Activity: The following entries are to be repeated exactly, and the pictures are to be left behind.

Extracted data entries:
-=-=-=-=-
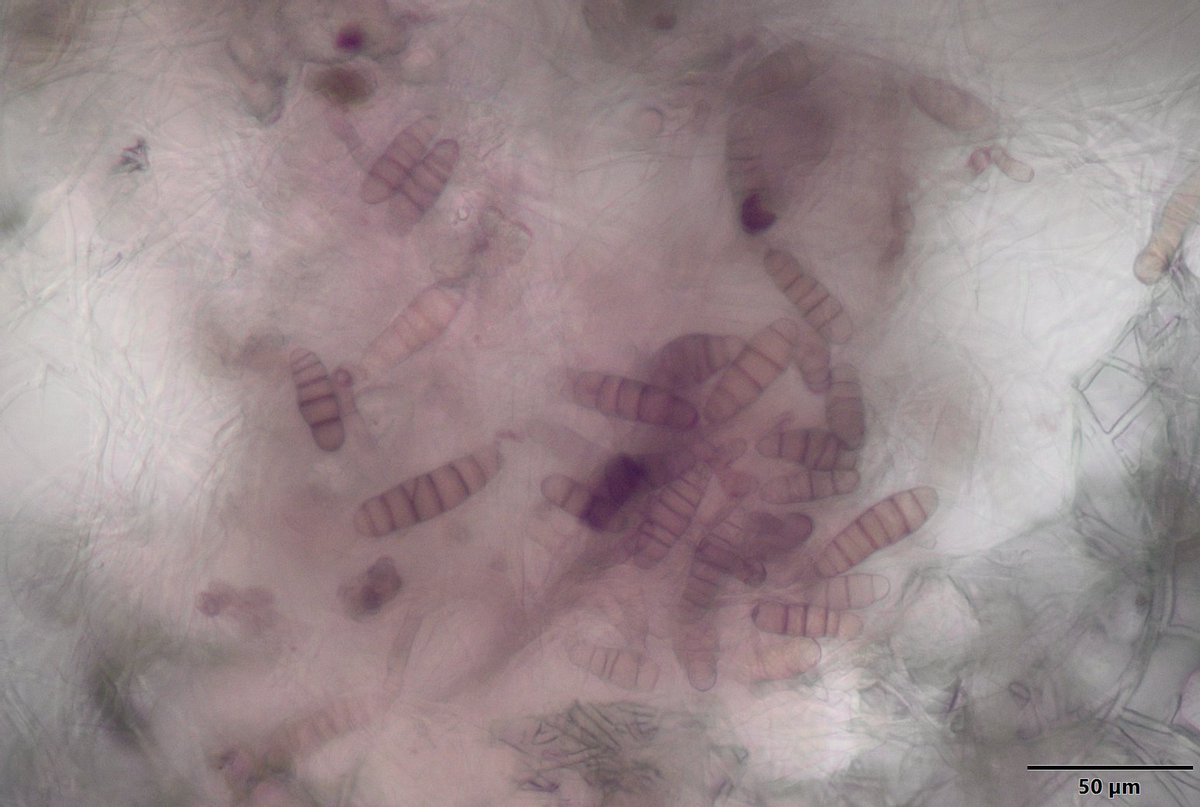 NCSU_PDIC's tweet image. Skin blotch disease suspected on garlic caused by Embellisia allii. We had to make sure to wash our cloves when we got home after dealing with this #fungalpathogen. #Ascomycota #garlicdiseases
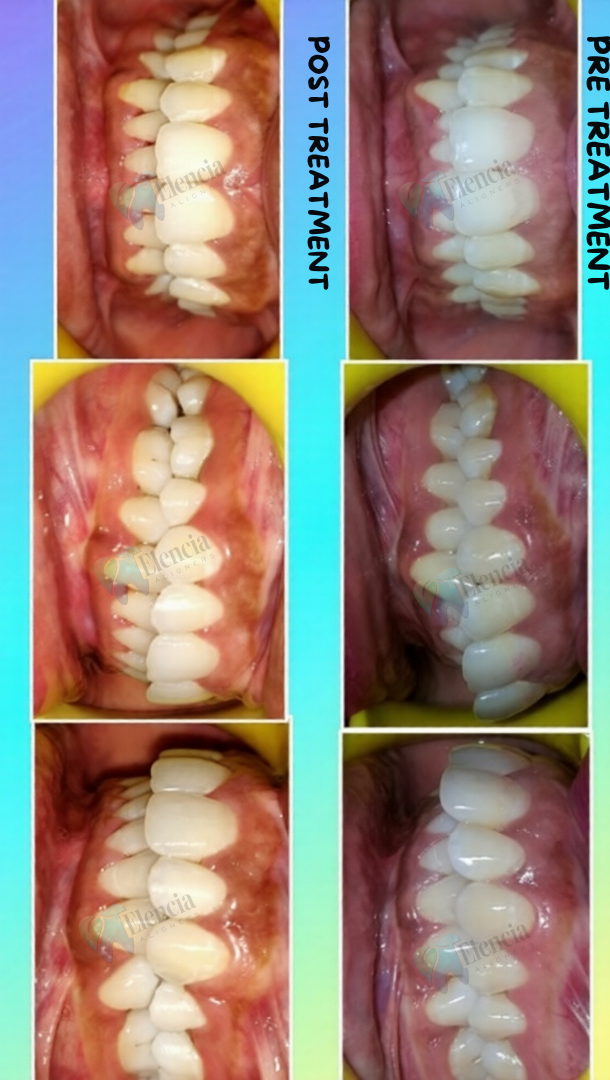 elencia aligners treatment before after image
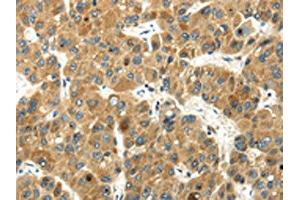 The image on the left is immunohistochemistry of paraffin-embedded Human liver cancer tissue using ABIN7193045(WFDC1 Antibody) at dilution 1/35, on the right is treated with synthetic peptide. (WFDC1 antibody)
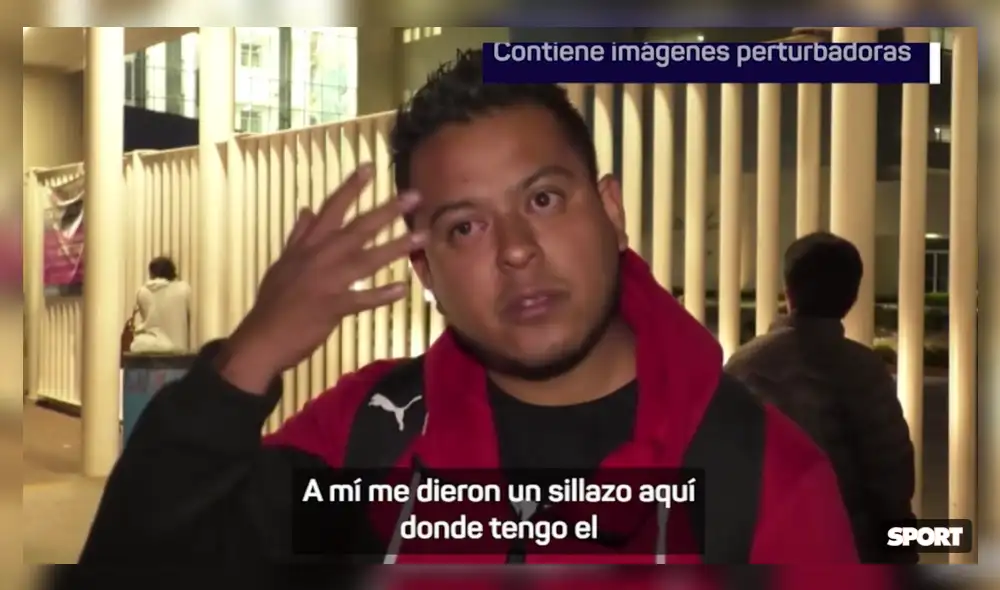 Un herido reveló que los aficionados de Querétaro contaban con elementos punzocortantes. Foto: Diario Sport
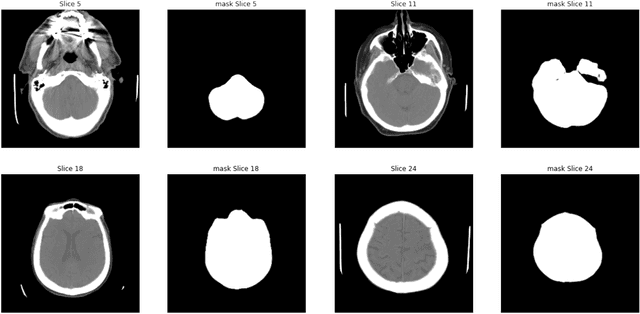 Figure 3 for "Name that manufacturer". Relating image acquisition bias with task complexity when training deep learning models: experiments on head CT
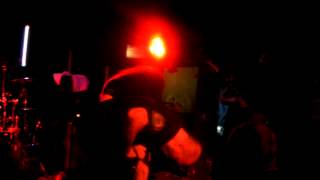 Download lagu Aborted - Coronary Reconstruction mp3 Download lagu Aborted - Coronary Reconstruction mp3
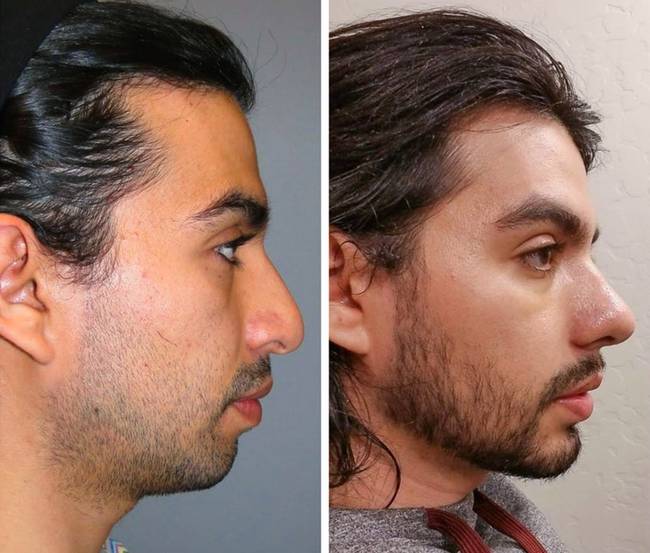 A rhinoplastia és a genioplasztika eredményei.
-=-=-=-=-
Answer for this exercise:
 NCSU_PDIC's tweet image. Skin blotch disease suspected on garlic caused by Embellisia allii. We had to make sure to wash our cloves when we got home after dealing with this #fungalpathogen. #Ascomycota #garlicdiseases
 elencia aligners treatment before after image
 The image on the left is immunohistochemistry of paraffin-embedded Human liver cancer tissue using ABIN7193045(WFDC1 Antibody) at dilution 1/35, on the right is treated with synthetic peptide. (WFDC1 antibody)
 Un herido reveló que los aficionados de Querétaro contaban con elementos punzocortantes. Foto: Diario Sport
 Figure 3 for "Name that manufacturer". Relating image acquisition bias with task complexity when training deep learning models: experiments on head CT
 Download lagu Aborted - Coronary Reconstruction mp3 Download lagu Aborted - Coronary Reconstruction mp3
 A rhinoplastia és a genioplasztika eredményei.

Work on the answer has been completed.